EXERCISE DIRECTIONS: Nothing but the lines below from the first through the one with "Rumah Teres 3-Tingkat" should appear, printed exactly; please leave pictures out.

DATA FOR ANALYSIS:
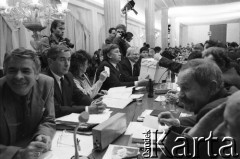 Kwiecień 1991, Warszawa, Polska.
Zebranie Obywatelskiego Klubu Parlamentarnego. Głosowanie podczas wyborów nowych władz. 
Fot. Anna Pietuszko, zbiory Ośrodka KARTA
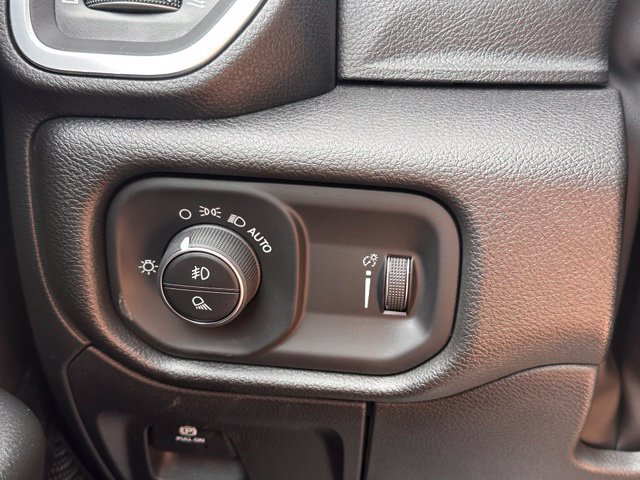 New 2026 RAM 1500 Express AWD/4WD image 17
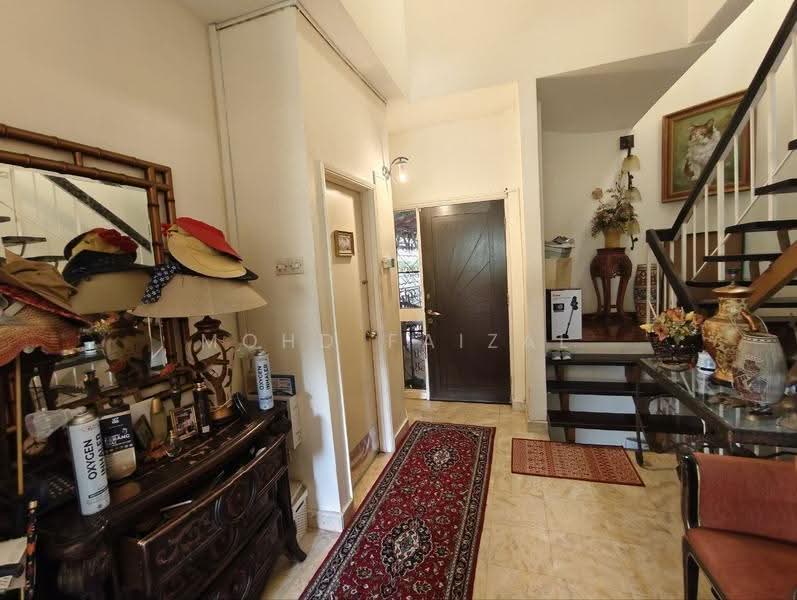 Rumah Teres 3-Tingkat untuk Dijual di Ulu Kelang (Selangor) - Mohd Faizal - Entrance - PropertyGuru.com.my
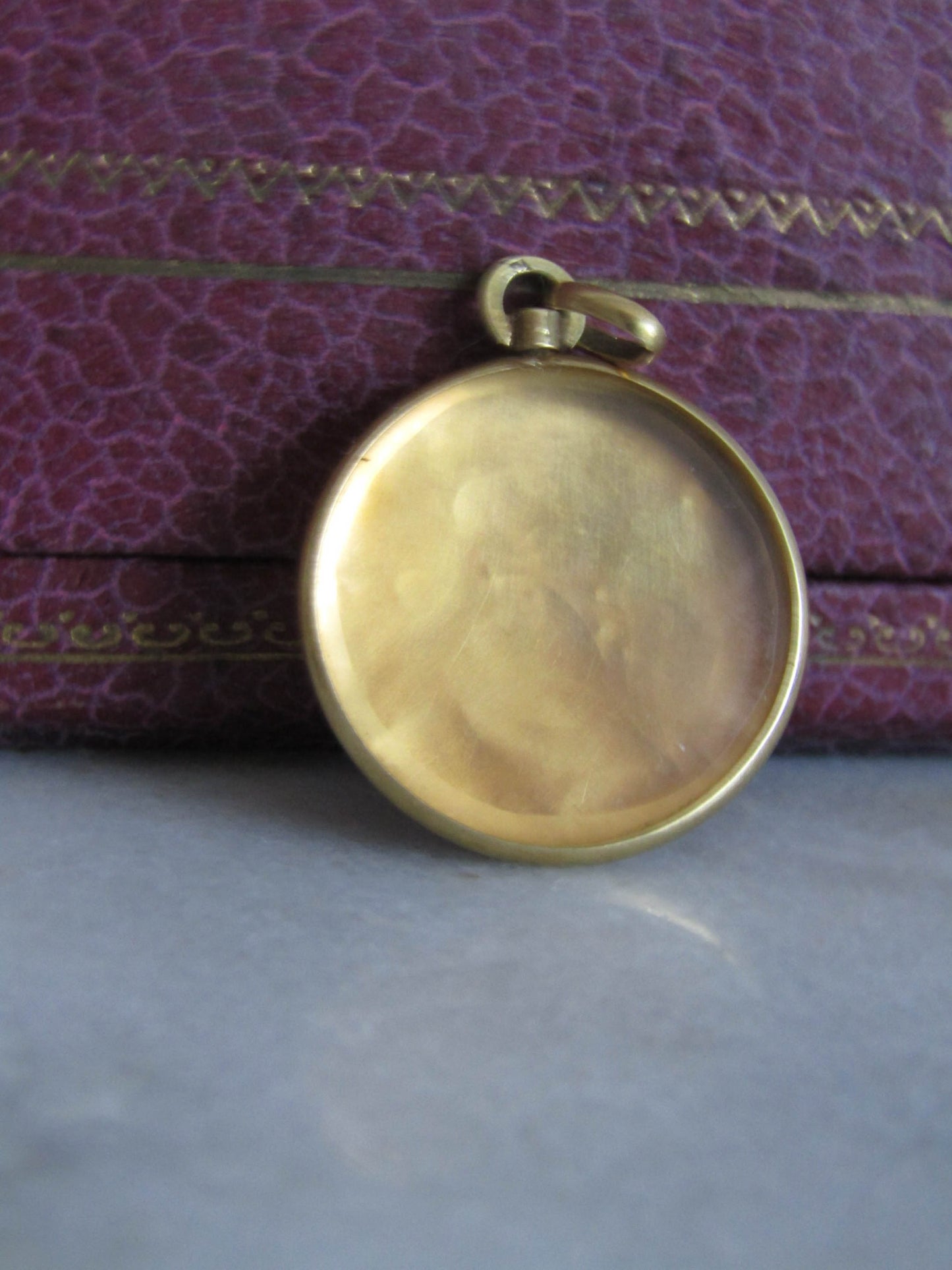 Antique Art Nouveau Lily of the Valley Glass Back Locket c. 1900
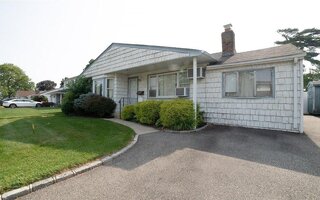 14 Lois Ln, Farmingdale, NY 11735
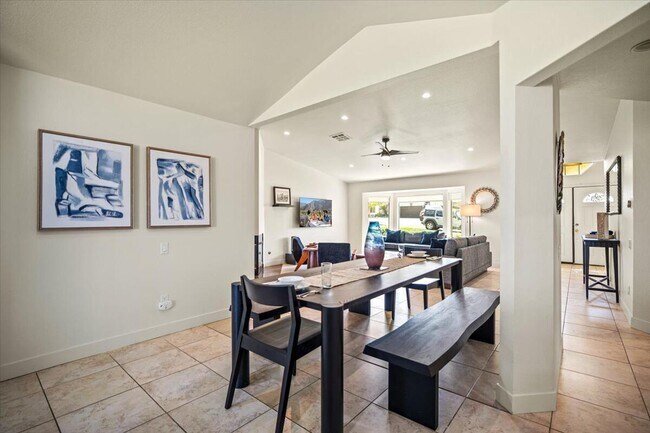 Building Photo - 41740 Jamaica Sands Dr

REPLY TO THE EXERCISE:
 Kwiecień 1991, Warszawa, Polska.
Zebranie Obywatelskiego Klubu Parlamentarnego. Głosowanie podczas wyborów nowych władz. 
Fot. Anna Pietuszko, zbiory Ośrodka KARTA
 New 2026 RAM 1500 Express AWD/4WD image 17
 Rumah Teres 3-Tingkat untuk Dijual di Ulu Kelang (Selangor) - Mohd Faizal - Entrance - PropertyGuru.com.my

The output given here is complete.